Thursday, October 27, 2005

Australia

Home is always superior to day care until a child is able to play with other children - about age three. At age three, children really want to play with other children simply because they are "their own kind." They want to move quickly, explore, and find out for themselves, and someone eye to eye who has the same energy is just the ticket.

Good childcare whether it's a school, a play center, a play group, or whatever adults choose to call it is a world for children and all the adults have a responsibility to not only voice their opinions but make sure the environment continues to be a place where children can learn, because learning is what children want to do MOST!

Here is an opinion from Australia. They have the same problems as we do, only from this letter, it sounds a lot worse.

OPINION
Elizabeth Meryment
Australia

The battle between working and non-working mothers has always been vitriolic, but recently stay-at-home mothers seem to have gained the moral ascendancy. To have a child in long-day care is more often becoming frowned on by the stay-at-home team as a mild form of child abuse.

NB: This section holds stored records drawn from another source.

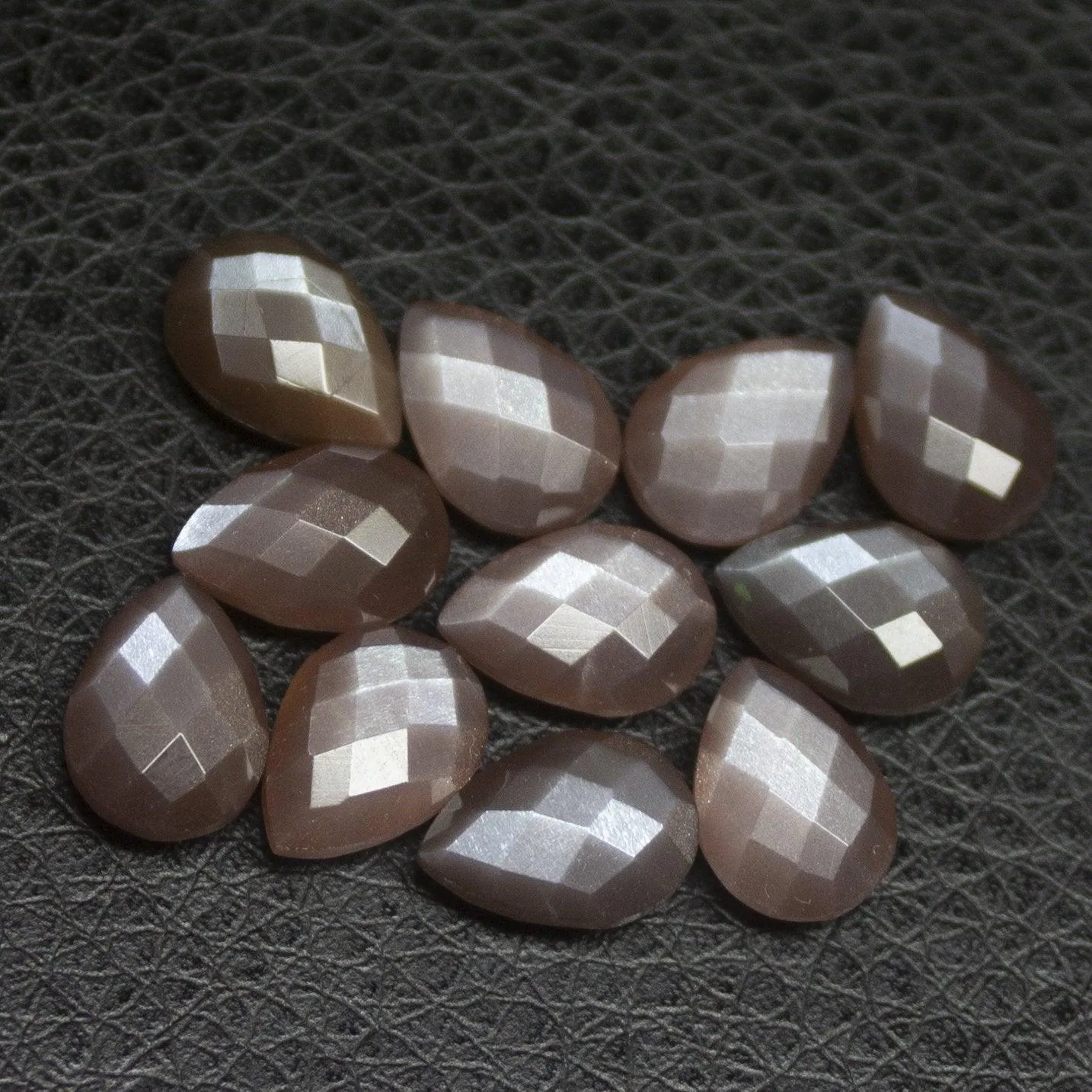 Natural Brown Moonstone Checker Cut Pear Drop Loose Gemstone Beads 8pc 10x7mm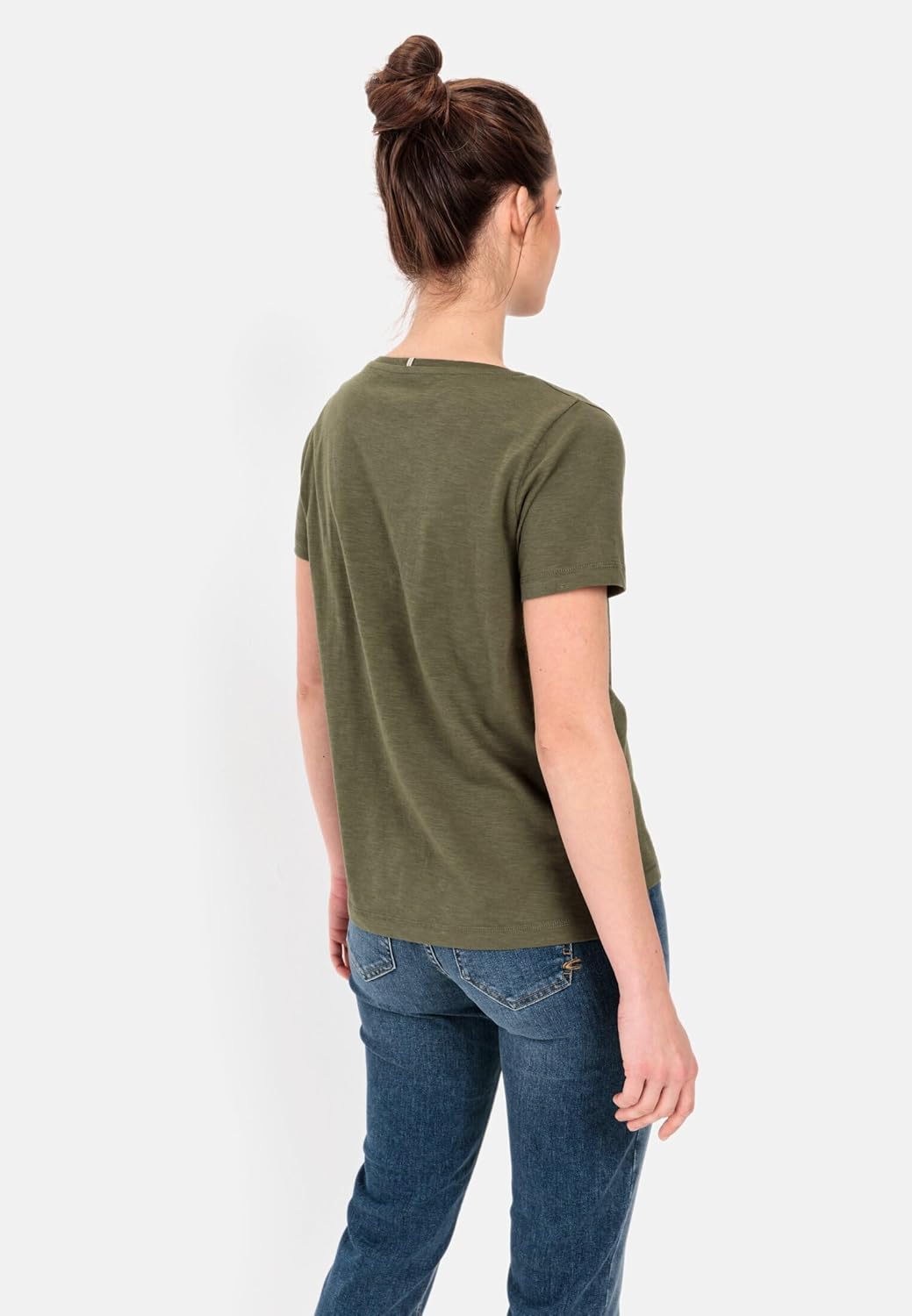 camel active Damen V-Neck T-Shirt aus Organic Cotton XS Olive, XS Olive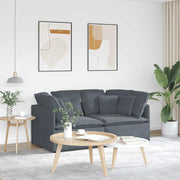 Modularna sofa s jastucima, baršunasta, tamno siva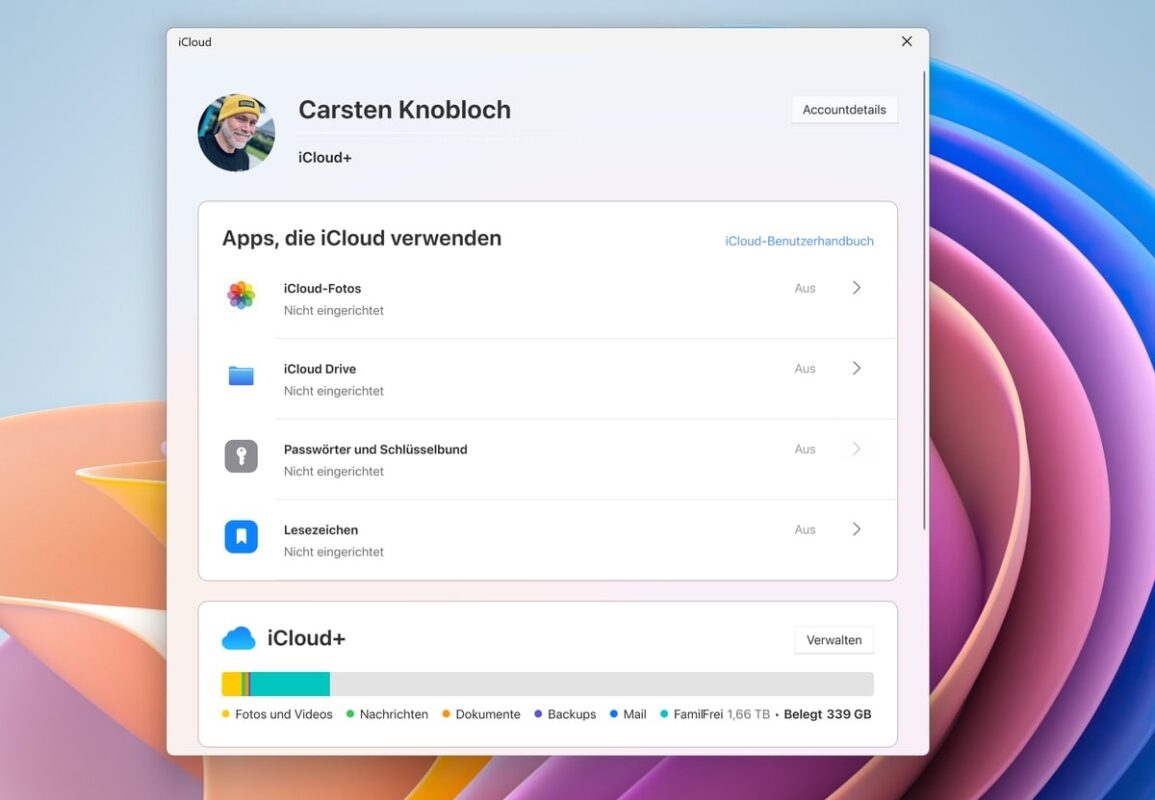 iCloud für Windows mit neuem Design
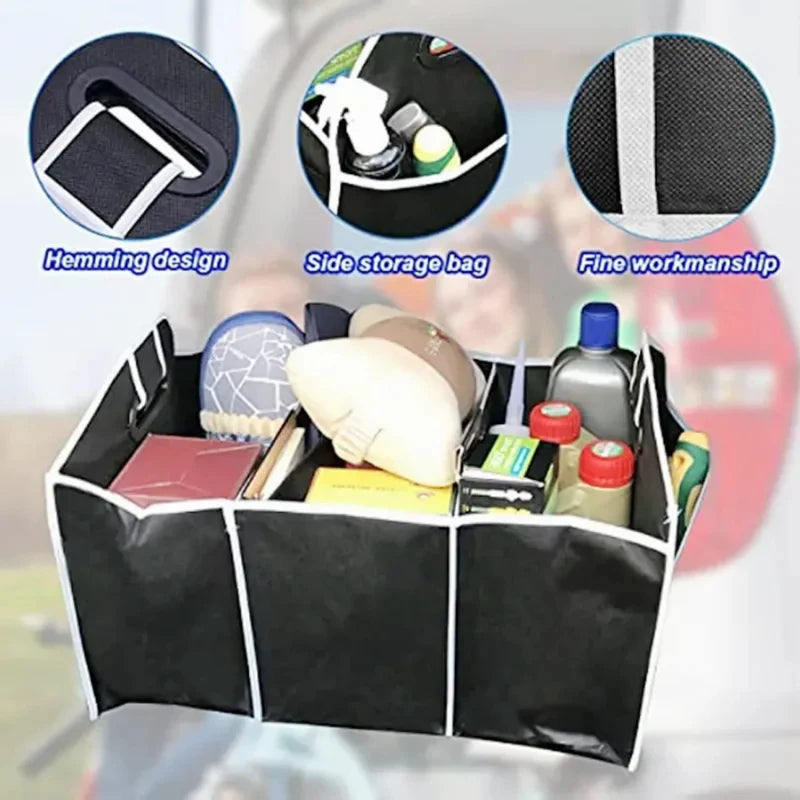 Black foldable car trunk organizer with three compartments showing a hemming design, side storage bag, and fine workmanship.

Partly this has sprung from academic Anne Manne's book Motherhood, in which she cites research that claims young children suffer increased levels of the stress hormone cortisol when they are in organised care. While many have dismissed her book as pompous drivel, the debate rages on.

This is an emotive argument, if also an academic one, because the reality of today's society is that women with children work in large numbers, whether that's because they want to or because they need to. Commentators can argue away about the merits of home-based or organised child care, but long-daycare centres are here and people most definitely want to use them, even many mothers who don't have jobs.

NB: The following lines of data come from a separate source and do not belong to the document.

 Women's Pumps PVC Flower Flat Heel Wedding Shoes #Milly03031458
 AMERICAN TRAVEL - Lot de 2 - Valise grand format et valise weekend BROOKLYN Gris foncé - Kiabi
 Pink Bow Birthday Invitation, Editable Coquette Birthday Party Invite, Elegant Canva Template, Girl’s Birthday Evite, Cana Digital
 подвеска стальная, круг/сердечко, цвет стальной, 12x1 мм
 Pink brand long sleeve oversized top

In The Australian last week, the Clovelly Child Care Centre in Sydney's eastern suburbs was reported as having 700 children on its waiting list, 400 of whom were younger than two.
"We might offer eight places out per year in our under-two group," said the centre's Sally Anderson. "We are a non-profit centre so people tend to flock to us. But supply just doesn't meet demand."

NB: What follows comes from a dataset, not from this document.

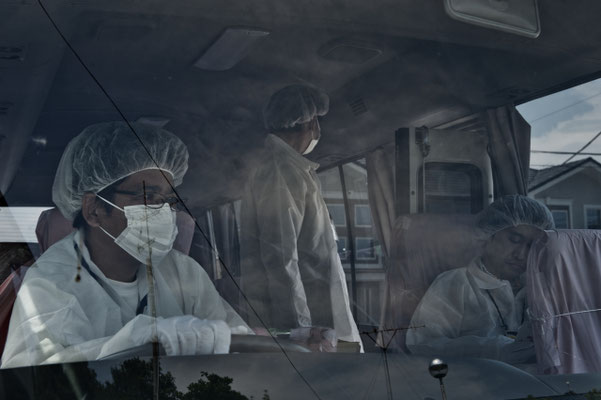 Residents going back home to collect their belongings, Tomioka city, Fukushima "No-Go Zone", Japan.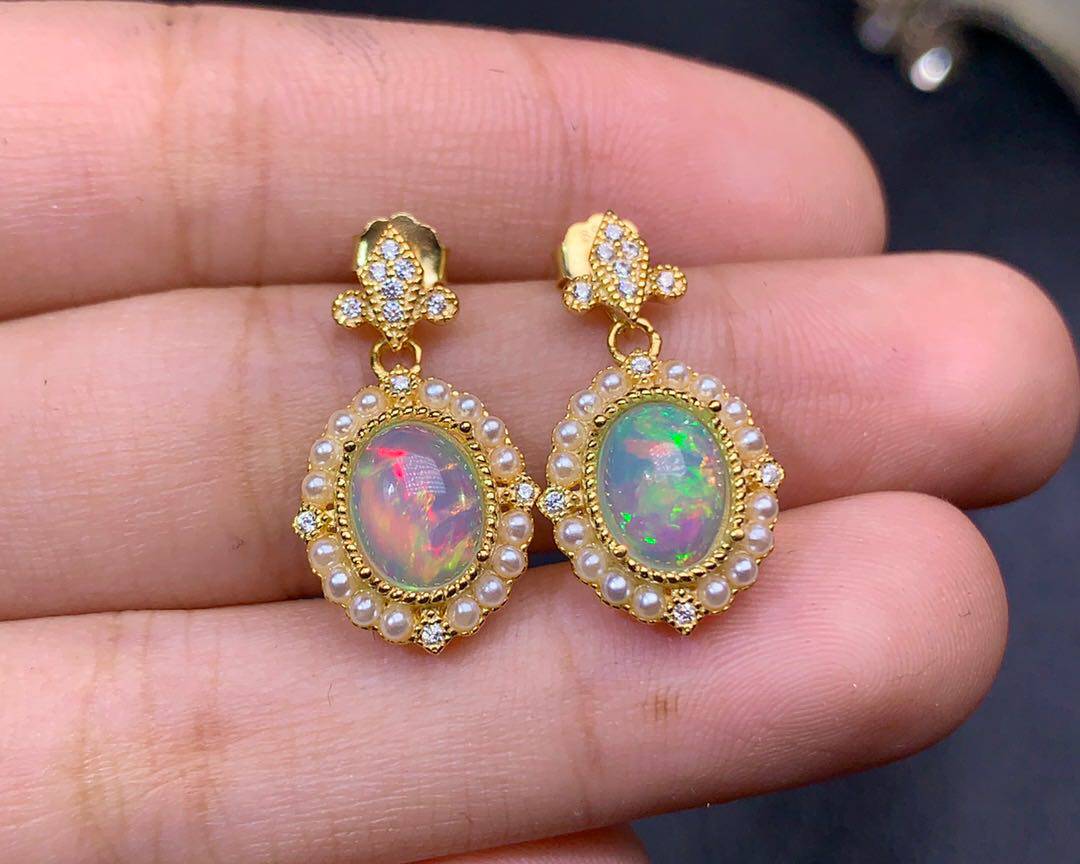 s925银镀黄金镶欧泊耳坠 主石6*8mm特惠小清新欧珀耳钉耳坠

That the centre is non-profit is important because the price of child care in many places is becoming utterly outrageous, with some centres charging $105 a day per child.

The reasons child care has become so expensive are twofold. One is because working mothers - most of whom do not work full time and use child care only a few days a week - want excellent care for their children and are prepared to pay for the best available. The other is this Government's ideologically driven childcare policies.

Family and Community Services Minister Kay Patterson often proffers predictable rhetoric about how well the Government funds the childcare sector. But one of the Howard Government's first decisions on taking office in 1996 was to slash $500 million from childcare funding. This severely dented the industry and nearly a decade later those suffering for it are the working mothers forced to fork out large parts of their pay for the privilege of being taxpayers, a double insult as they are also denied government benefits offered to stay-at-home mothers.

And it's not only working mothers who are suffering: it's their children who are really copping it.
Having spent some time visiting childcare centres in Sydney lately, I can see why some children suffer stress when they are there. Some of these places are soulless, overpopulated institutions filled with often sick children who spread colds and flu to each other. I certainly wouldn't like to spend time there, let alone place a small child in one. Some of the places I've seen have lax security and bricked-in playgrounds, others have inadequate supervision.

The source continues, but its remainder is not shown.